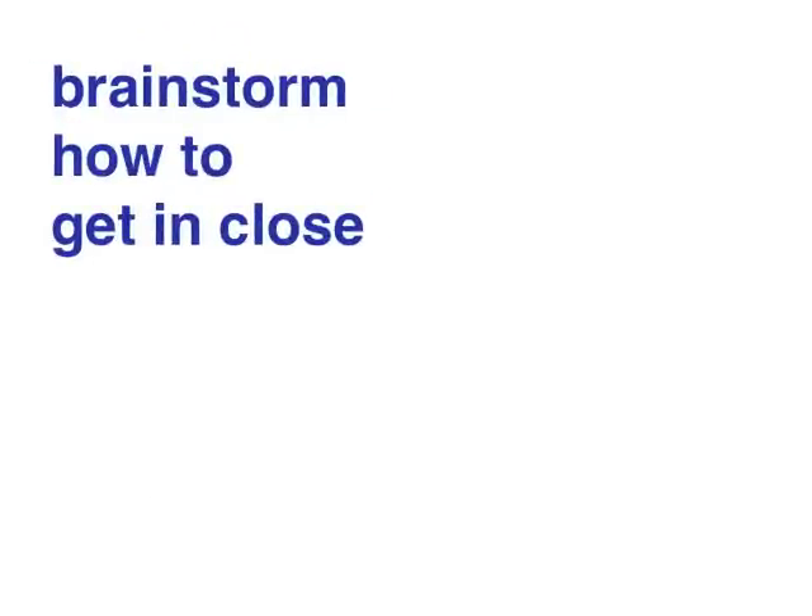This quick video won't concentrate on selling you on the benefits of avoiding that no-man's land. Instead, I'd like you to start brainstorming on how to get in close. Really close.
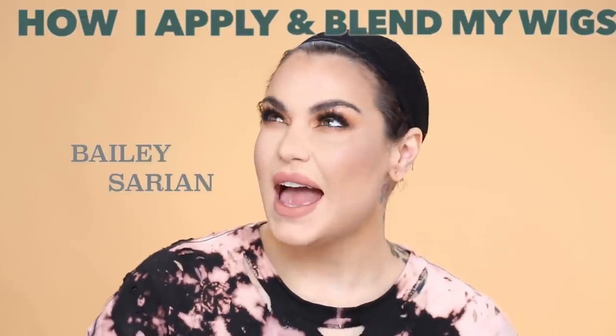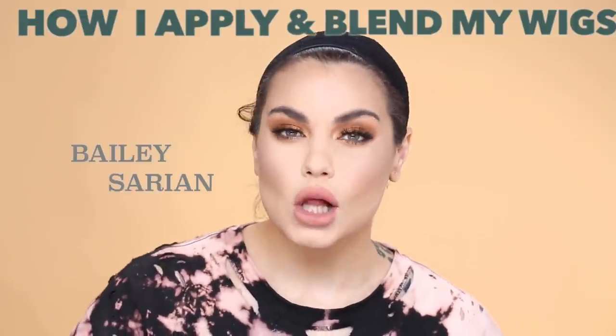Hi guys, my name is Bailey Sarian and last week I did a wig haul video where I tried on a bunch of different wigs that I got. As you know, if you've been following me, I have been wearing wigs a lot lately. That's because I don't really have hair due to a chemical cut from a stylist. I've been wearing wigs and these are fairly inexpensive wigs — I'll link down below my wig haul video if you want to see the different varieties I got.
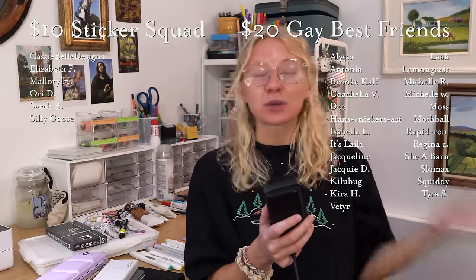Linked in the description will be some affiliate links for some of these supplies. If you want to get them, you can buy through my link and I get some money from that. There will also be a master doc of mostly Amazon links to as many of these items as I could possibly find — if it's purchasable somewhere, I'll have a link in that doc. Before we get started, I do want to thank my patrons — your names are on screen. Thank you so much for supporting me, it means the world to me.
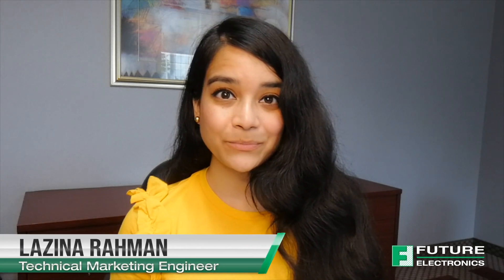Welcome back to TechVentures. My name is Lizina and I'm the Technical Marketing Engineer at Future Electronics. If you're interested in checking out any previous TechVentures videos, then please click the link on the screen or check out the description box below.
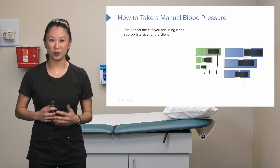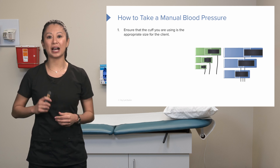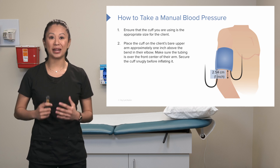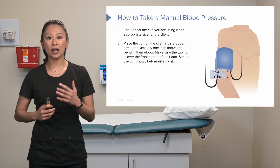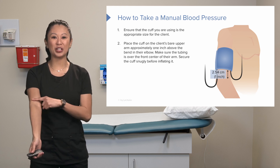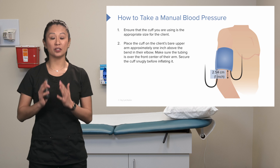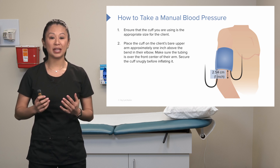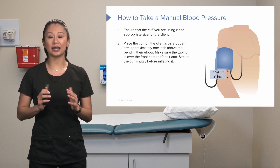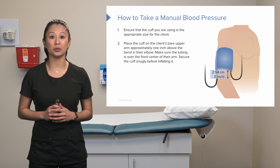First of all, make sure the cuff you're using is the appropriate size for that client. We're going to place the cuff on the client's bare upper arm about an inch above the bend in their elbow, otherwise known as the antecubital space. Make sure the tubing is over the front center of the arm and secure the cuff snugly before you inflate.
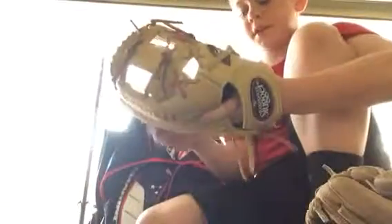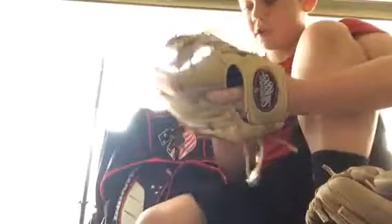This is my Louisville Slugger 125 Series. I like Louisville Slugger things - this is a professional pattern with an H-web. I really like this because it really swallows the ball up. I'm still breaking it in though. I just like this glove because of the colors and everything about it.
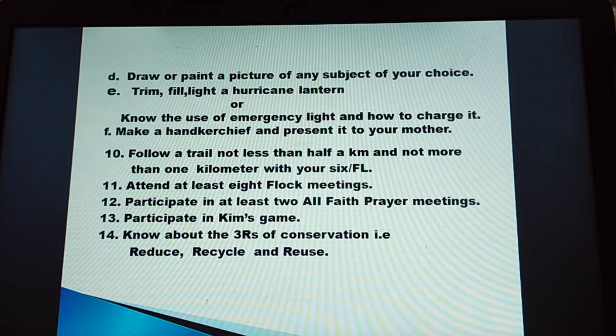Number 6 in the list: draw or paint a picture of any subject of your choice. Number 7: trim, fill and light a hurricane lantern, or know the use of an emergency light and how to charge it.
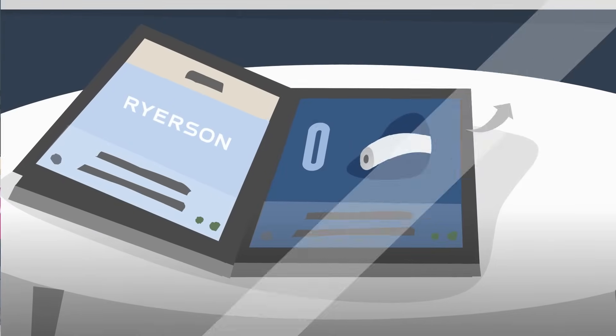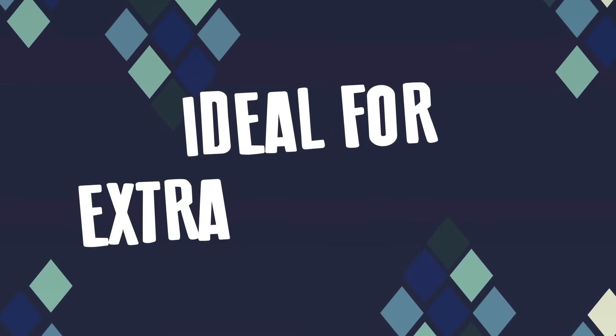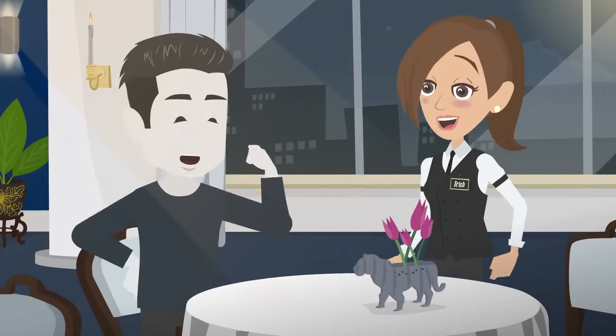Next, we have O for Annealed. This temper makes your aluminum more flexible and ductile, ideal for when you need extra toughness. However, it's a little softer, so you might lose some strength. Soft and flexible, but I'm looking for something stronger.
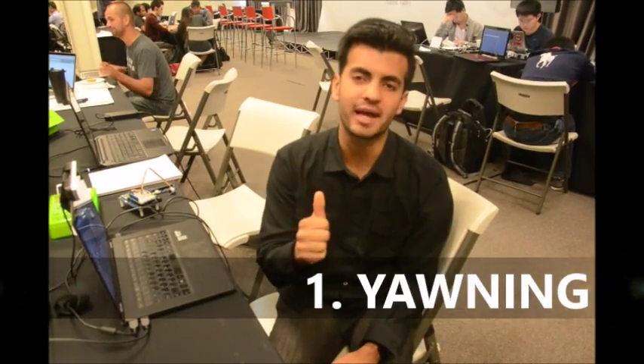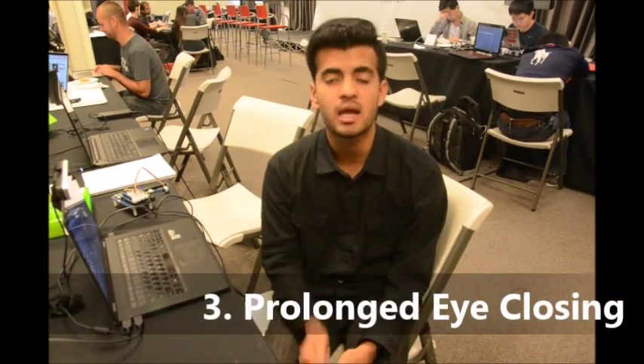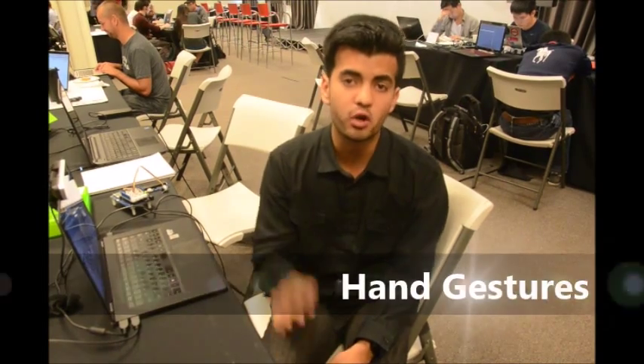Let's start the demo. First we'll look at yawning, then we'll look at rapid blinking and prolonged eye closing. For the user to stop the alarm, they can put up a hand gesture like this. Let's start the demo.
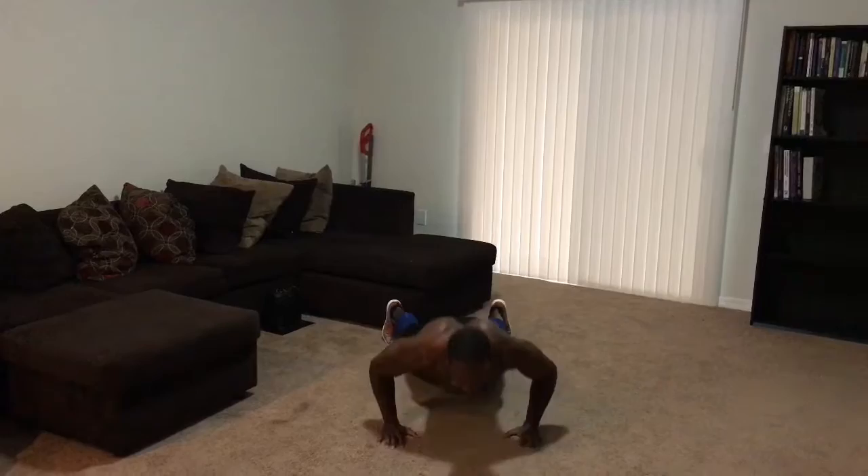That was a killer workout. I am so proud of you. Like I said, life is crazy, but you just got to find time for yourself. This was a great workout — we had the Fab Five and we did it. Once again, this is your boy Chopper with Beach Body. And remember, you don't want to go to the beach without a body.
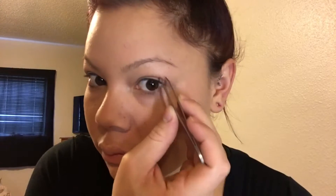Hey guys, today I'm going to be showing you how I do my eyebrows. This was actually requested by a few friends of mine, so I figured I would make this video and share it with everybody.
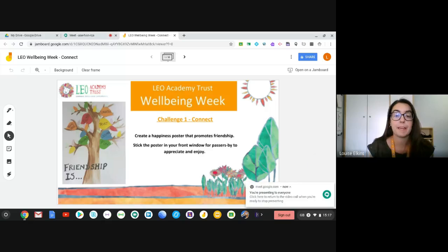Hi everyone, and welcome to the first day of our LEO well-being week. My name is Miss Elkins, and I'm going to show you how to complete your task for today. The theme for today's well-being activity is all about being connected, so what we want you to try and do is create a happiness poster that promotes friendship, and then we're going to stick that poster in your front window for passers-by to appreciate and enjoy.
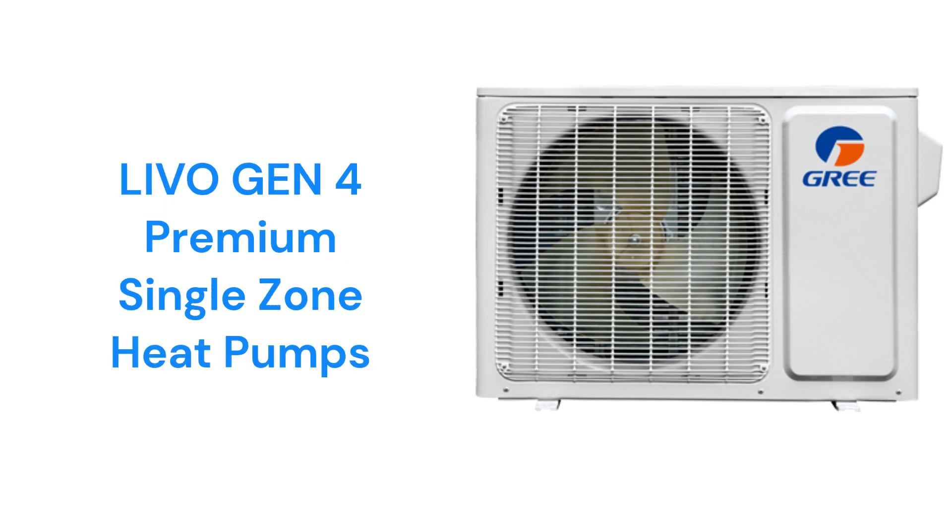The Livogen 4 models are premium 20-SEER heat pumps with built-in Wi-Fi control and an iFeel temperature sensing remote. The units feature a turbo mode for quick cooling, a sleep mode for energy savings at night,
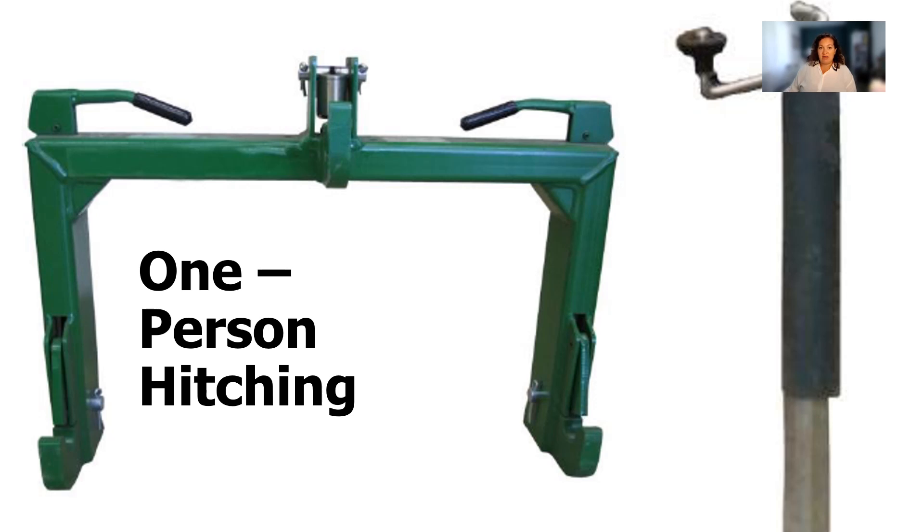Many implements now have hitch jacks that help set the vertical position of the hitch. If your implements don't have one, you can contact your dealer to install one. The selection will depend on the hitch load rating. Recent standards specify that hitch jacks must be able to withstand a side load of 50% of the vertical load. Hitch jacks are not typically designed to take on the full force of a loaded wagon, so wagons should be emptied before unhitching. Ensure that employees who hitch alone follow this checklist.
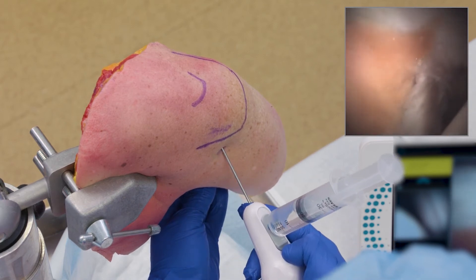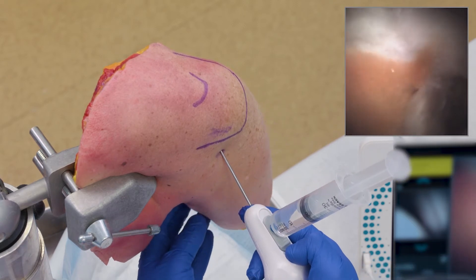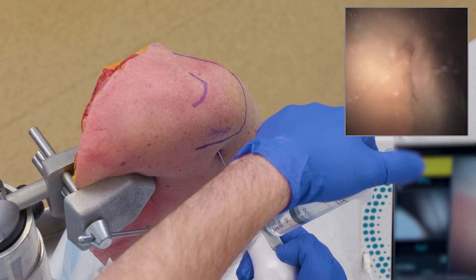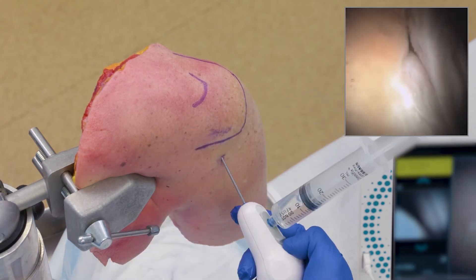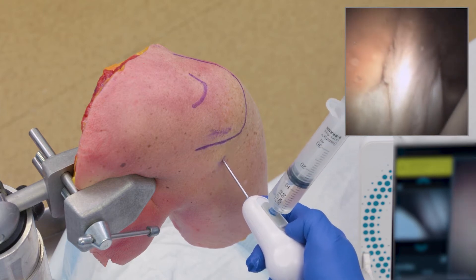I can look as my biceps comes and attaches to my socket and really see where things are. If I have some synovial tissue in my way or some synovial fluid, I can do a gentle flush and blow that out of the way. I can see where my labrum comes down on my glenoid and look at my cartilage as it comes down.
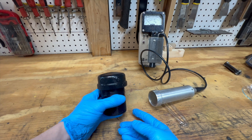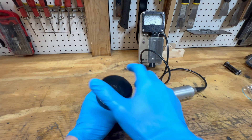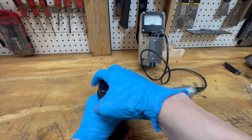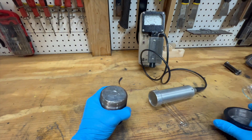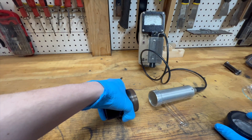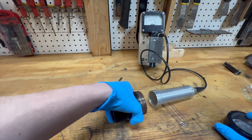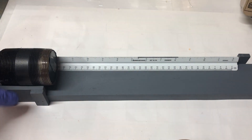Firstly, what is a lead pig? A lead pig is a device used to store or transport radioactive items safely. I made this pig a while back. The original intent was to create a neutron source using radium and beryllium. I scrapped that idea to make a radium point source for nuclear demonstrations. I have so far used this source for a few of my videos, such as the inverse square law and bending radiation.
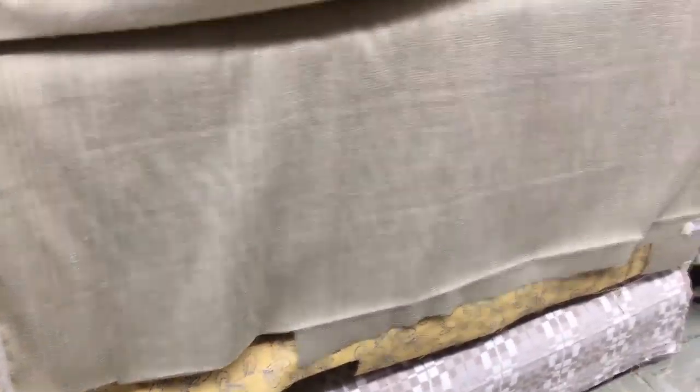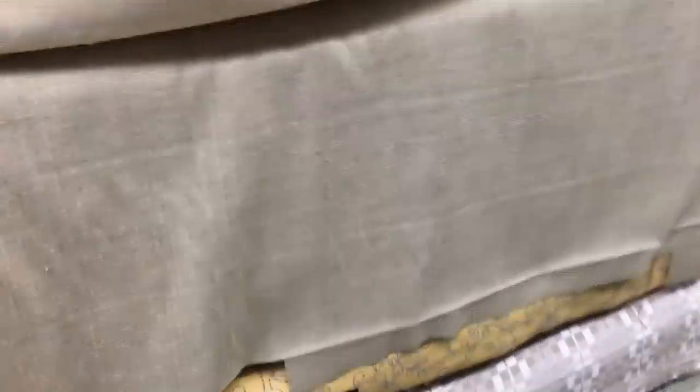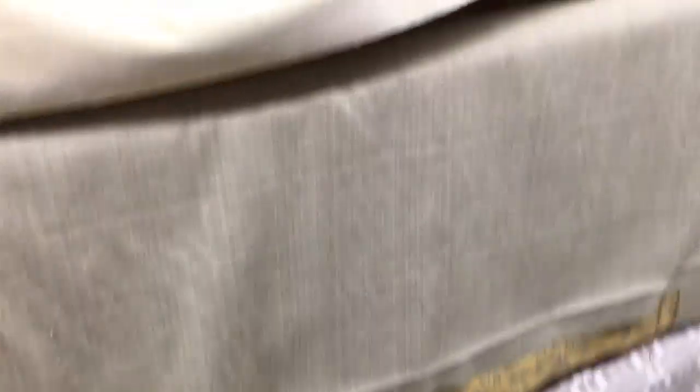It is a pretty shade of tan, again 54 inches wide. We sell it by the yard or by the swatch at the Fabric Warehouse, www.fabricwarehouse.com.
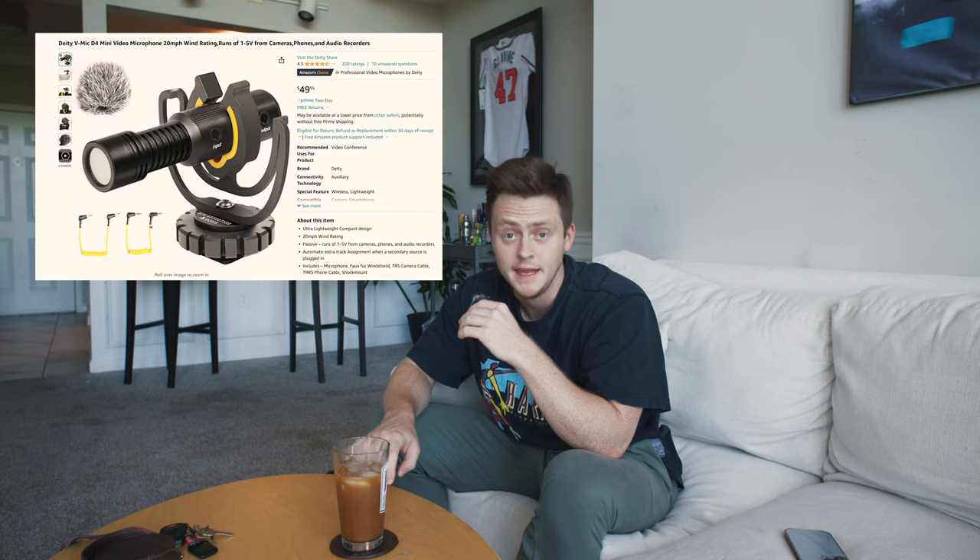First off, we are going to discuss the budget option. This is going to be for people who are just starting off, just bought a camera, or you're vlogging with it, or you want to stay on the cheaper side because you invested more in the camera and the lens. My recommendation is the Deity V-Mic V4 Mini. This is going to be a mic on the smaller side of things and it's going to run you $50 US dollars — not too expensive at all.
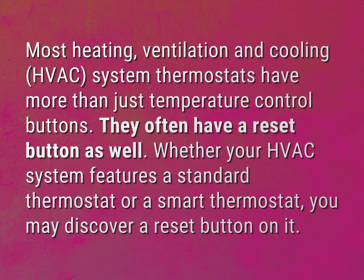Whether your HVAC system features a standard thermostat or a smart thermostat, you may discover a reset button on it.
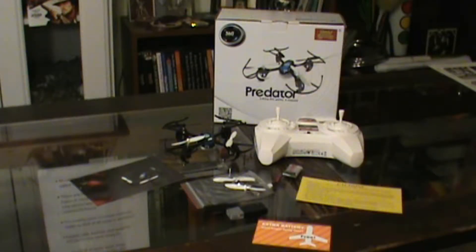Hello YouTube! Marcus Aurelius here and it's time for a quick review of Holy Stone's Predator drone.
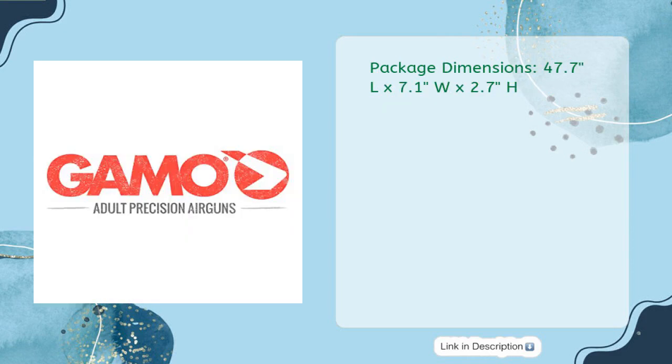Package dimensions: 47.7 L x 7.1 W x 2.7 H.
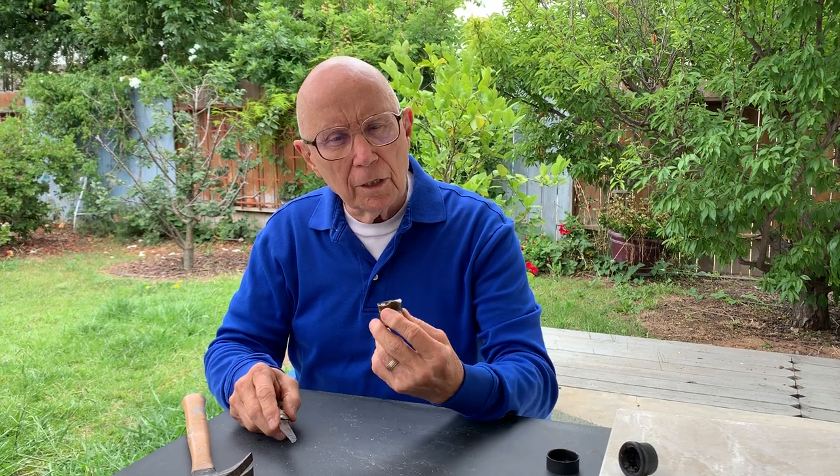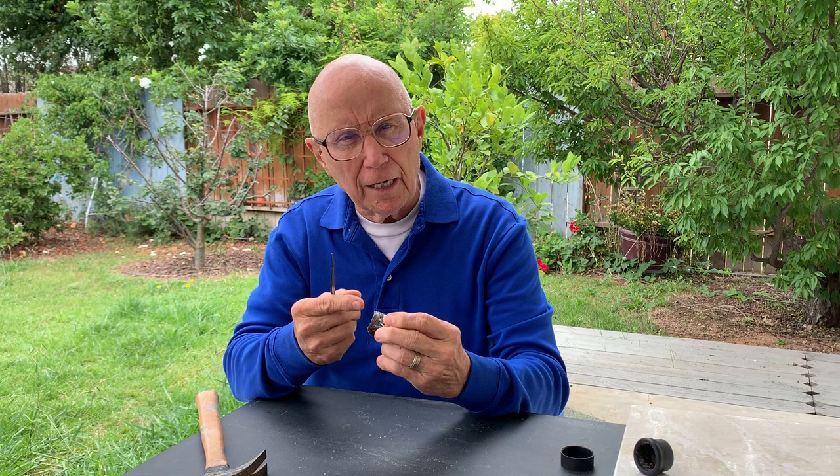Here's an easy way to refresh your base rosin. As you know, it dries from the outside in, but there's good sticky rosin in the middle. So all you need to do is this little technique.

=====

▶ [Task]
From the opening line of the entries above to the line containing "Hi guys, my", please transcribe each line exactly, skipping every picture.

▶ [Answer section]
This quick video won't concentrate on selling you on the benefits of avoiding that no-man's land. Instead, I'd like you to start brainstorming on how to get in close. Really close.
Hi guys, my name is Bailey Sarian and last week I did a wig haul video where I tried on a bunch of different wigs that I got. As you know, if you've been following me, I have been wearing wigs a lot lately. That's because I don't really have hair due to a chemical cut from a stylist. I've been wearing wigs and these are fairly inexpensive wigs — I'll link down below my wig haul video if you want to see the different varieties I got.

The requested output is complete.